Crawled caption data:
▼

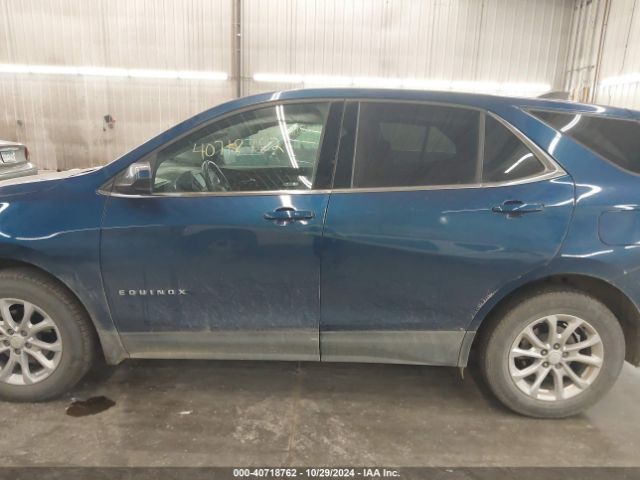 3GNAXUEV7LL104625 Chevrolet Equinox Awd Lt 1.5l Turbo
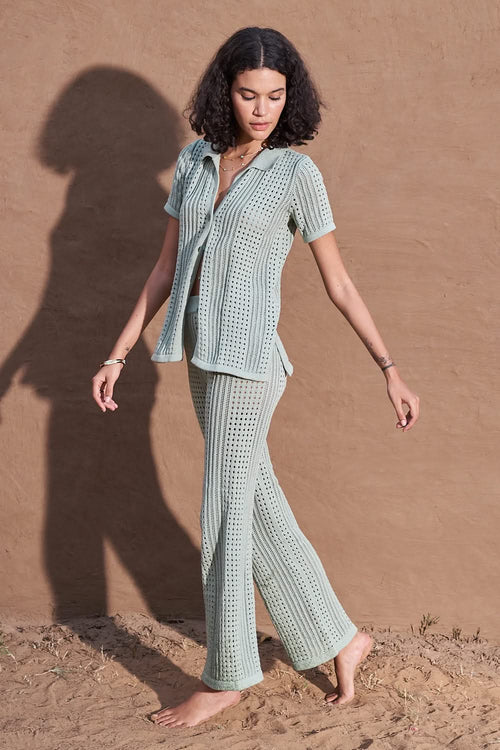 Isabella Green Co-ord Set
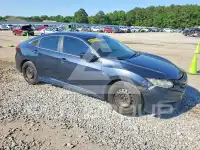 2017 Honda CIVIC фото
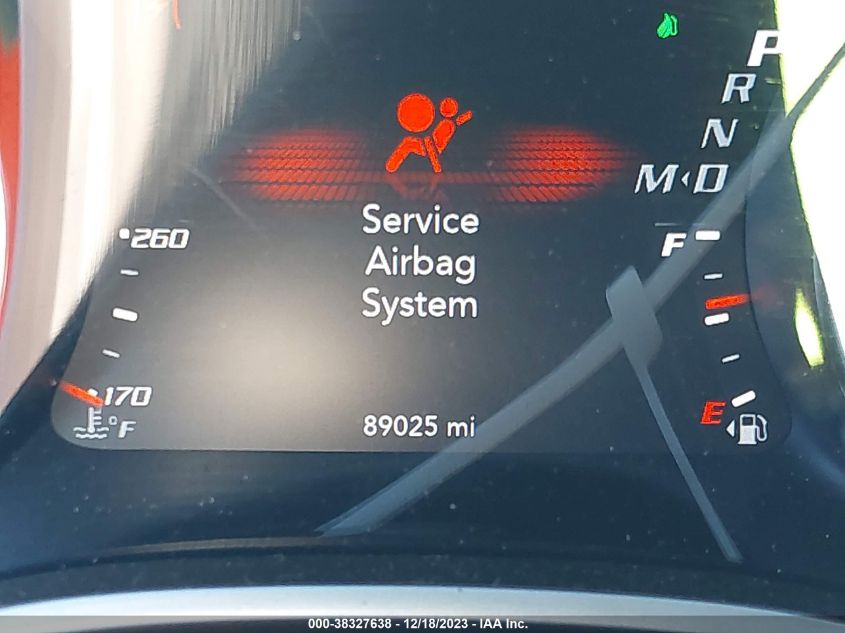 2016 DODGE CHALLENGER SRT 392 - 2C3CDZDJ0GH166084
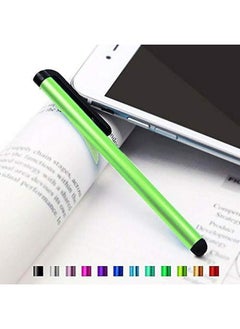 Buy Stylus Touch Pen For Iphone Samsung Huawei And Honor Light Green Small in Saudi Arabia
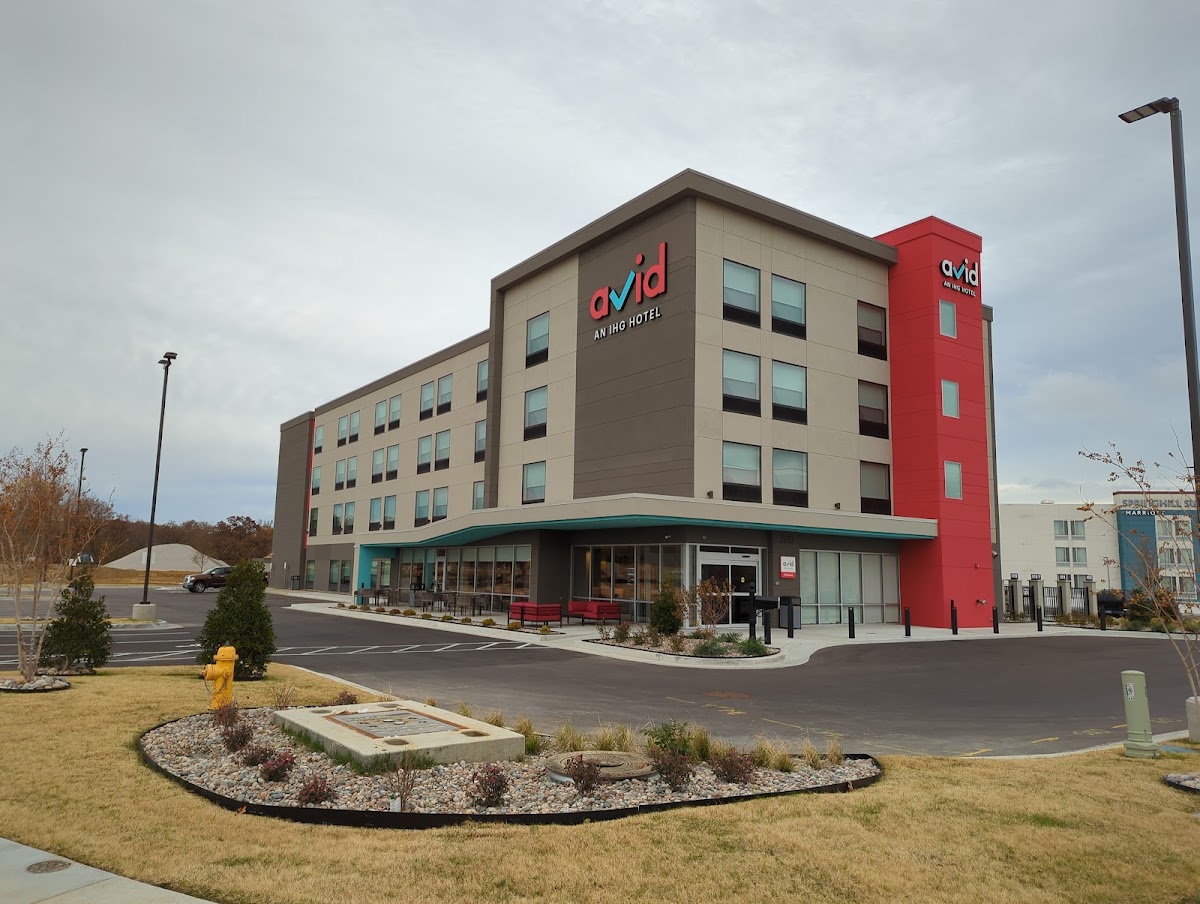 avid hotel Tulsa Hills, an IHG Hotel — photo 5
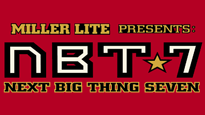 97x Next Big Thing&nbsp;Tickets
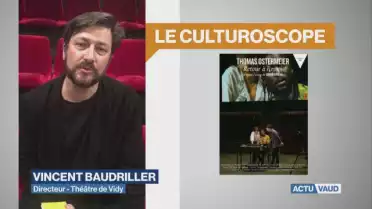 Les bons plans culturels sont dans le Culturoscope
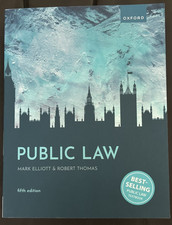 PUBLIC LAW - FIFTH EDITION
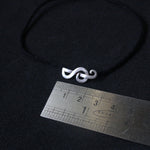 Musical Note Nazarbattu (Nazariya) - String Tie - Quirksmith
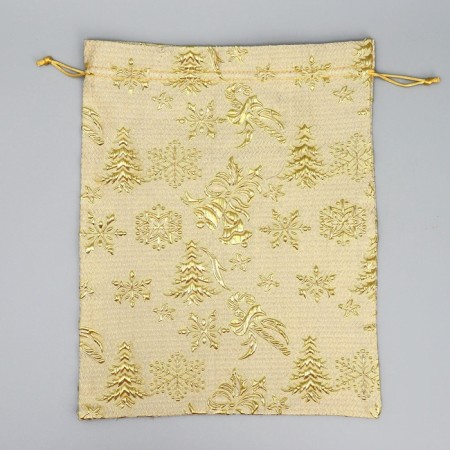 Boach Gift brocade "Gift from the heart", 30 x 40 cm +/- 1.5 cm, New Year-5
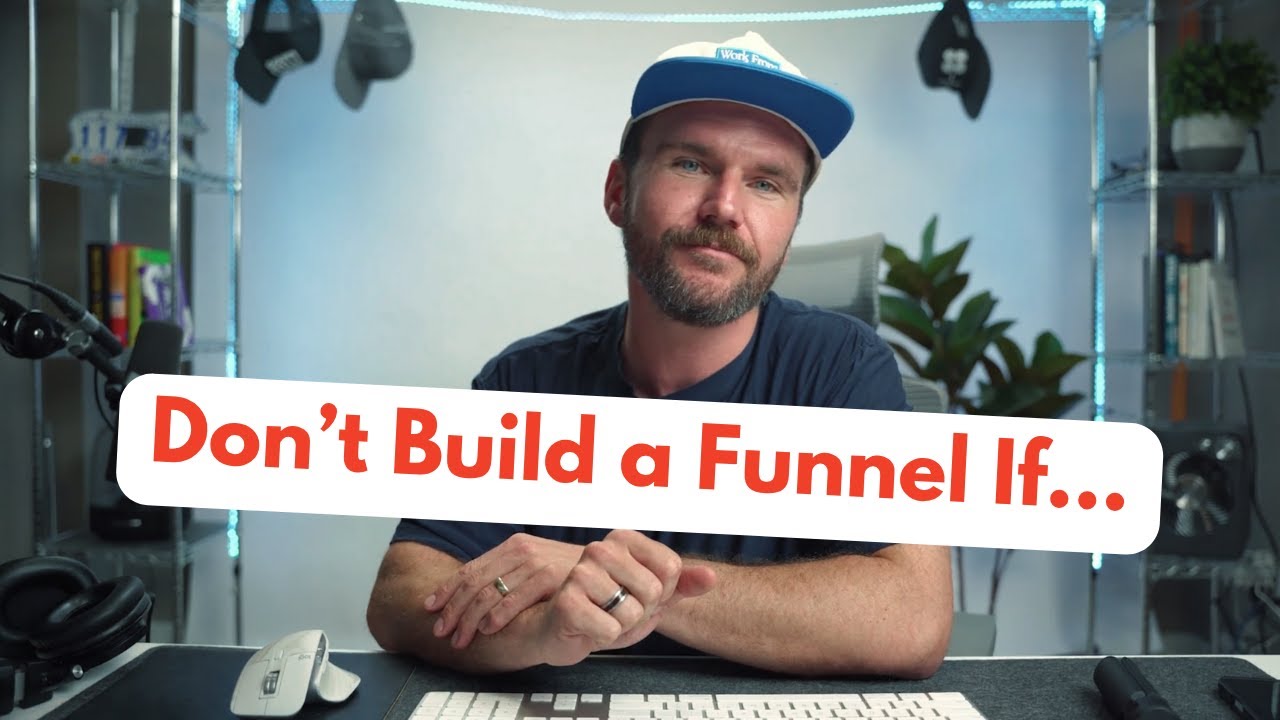 Your Funnel Is Useless If You Can&rsquo;t Answer These Questions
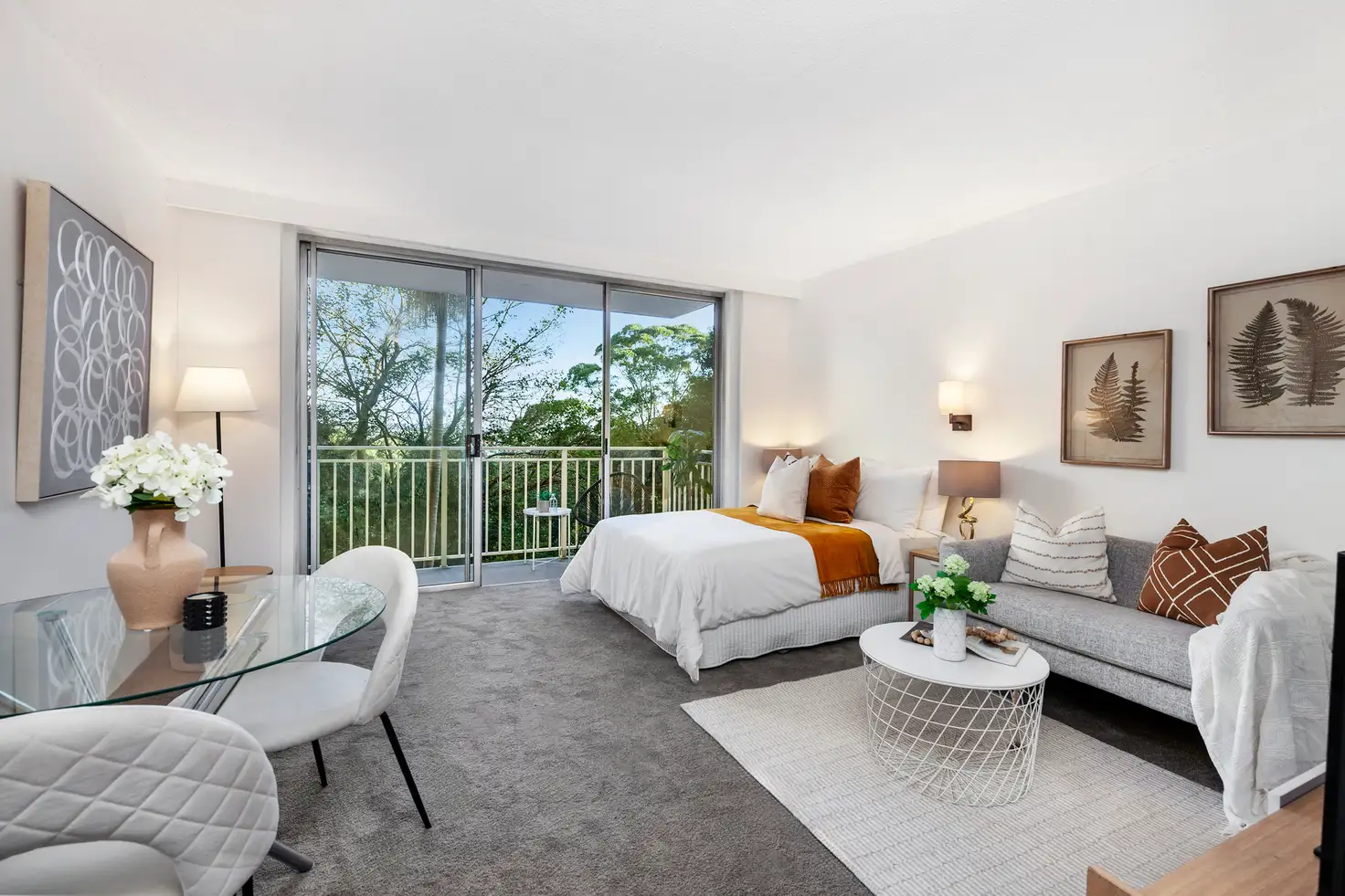 Main view of Homely studio listing, 203/284 Pacific Highway, Greenwich NSW 2065
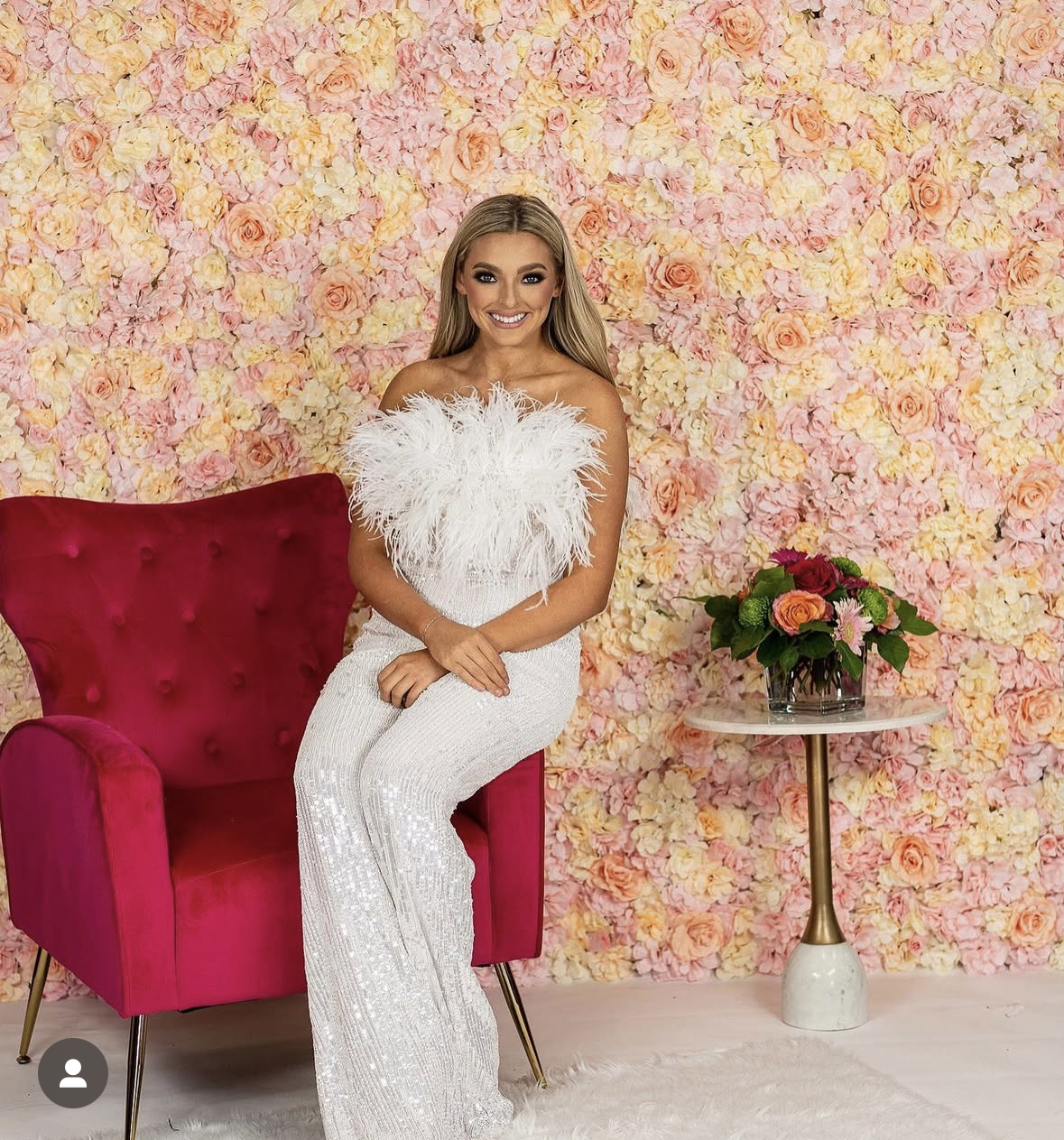 White Feathers Sequined Jumpeuits Prom Dresses For Women Strapless Sleeveless Glitter Special Occasion Gown Birthday Party Wear 2025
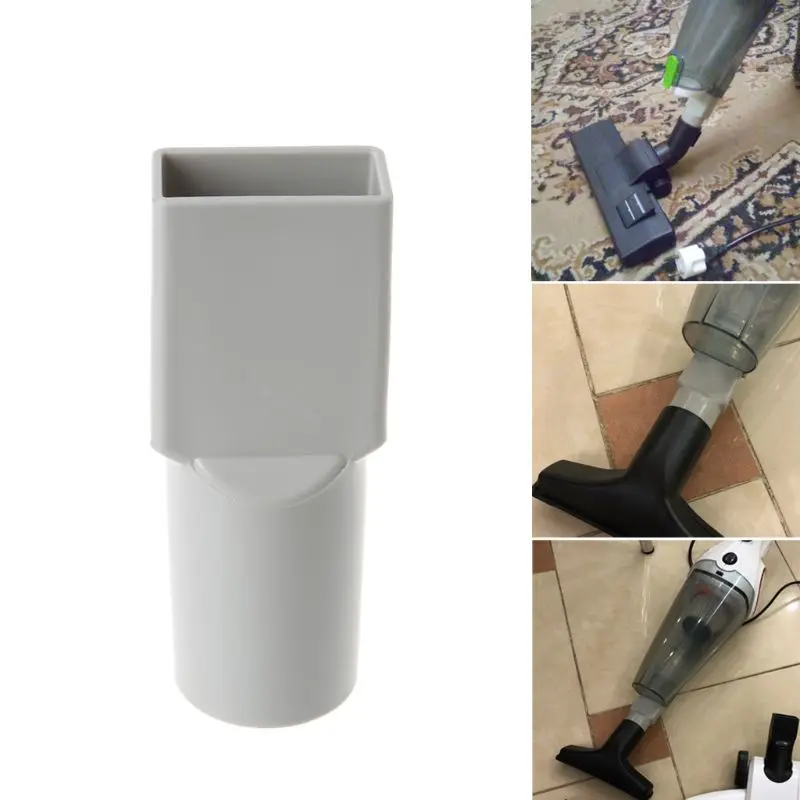 Adaptateur convertisseur tuyau d'aspirateur, pour collecteur poussière multimédia SC861/861A C, livraison directe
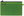 Effects case, L, green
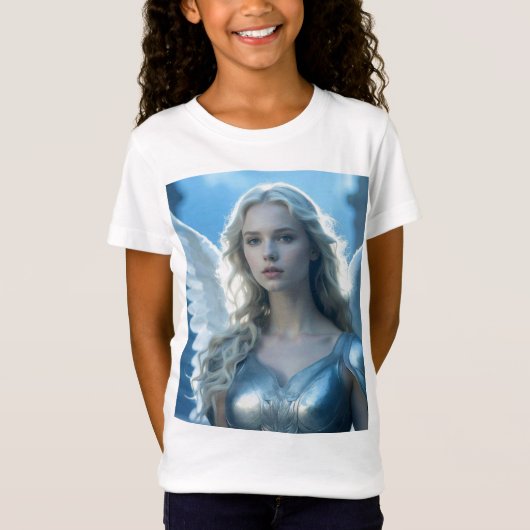 ANGEL T-SHIRT (Voorkant)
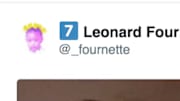 Jacksonville Jaguars RB Leonard Fournette reacts to AJ Bouye trade on Twitter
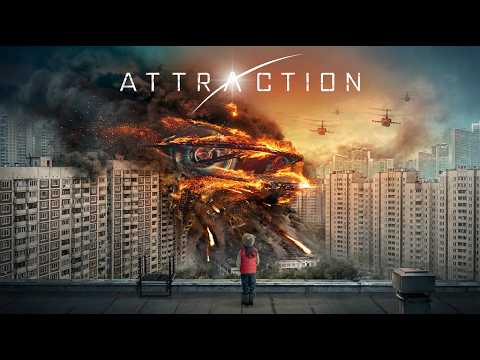 Attraction (2017) | Alien Invasion Sci-Fi Movie | Full Movie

▲

What this task involves:
Return the entries above exactly, skipping any images.

Result of the task:
 3GNAXUEV7LL104625 Chevrolet Equinox Awd Lt 1.5l Turbo
 Isabella Green Co-ord Set
 2017 Honda CIVIC фото
 2016 DODGE CHALLENGER SRT 392 - 2C3CDZDJ0GH166084
 Buy Stylus Touch Pen For Iphone Samsung Huawei And Honor Light Green Small in Saudi Arabia
 avid hotel Tulsa Hills, an IHG Hotel — photo 5
 97x Next Big Thing&nbsp;Tickets
 Les bons plans culturels sont dans le Culturoscope
 PUBLIC LAW - FIFTH EDITION
 Musical Note Nazarbattu (Nazariya) - String Tie - Quirksmith
 Boach Gift brocade "Gift from the heart", 30 x 40 cm +/- 1.5 cm, New Year-5
 Your Funnel Is Useless If You Can&rsquo;t Answer These Questions
 Main view of Homely studio listing, 203/284 Pacific Highway, Greenwich NSW 2065
 White Feathers Sequined Jumpeuits Prom Dresses For Women Strapless Sleeveless Glitter Special Occasion Gown Birthday Party Wear 2025
 Adaptateur convertisseur tuyau d'aspirateur, pour collecteur poussière multimédia SC861/861A C, livraison directe
 Effects case, L, green
 ANGEL T-SHIRT (Voorkant)
 Jacksonville Jaguars RB Leonard Fournette reacts to AJ Bouye trade on Twitter
 Attraction (2017) | Alien Invasion Sci-Fi Movie | Full Movie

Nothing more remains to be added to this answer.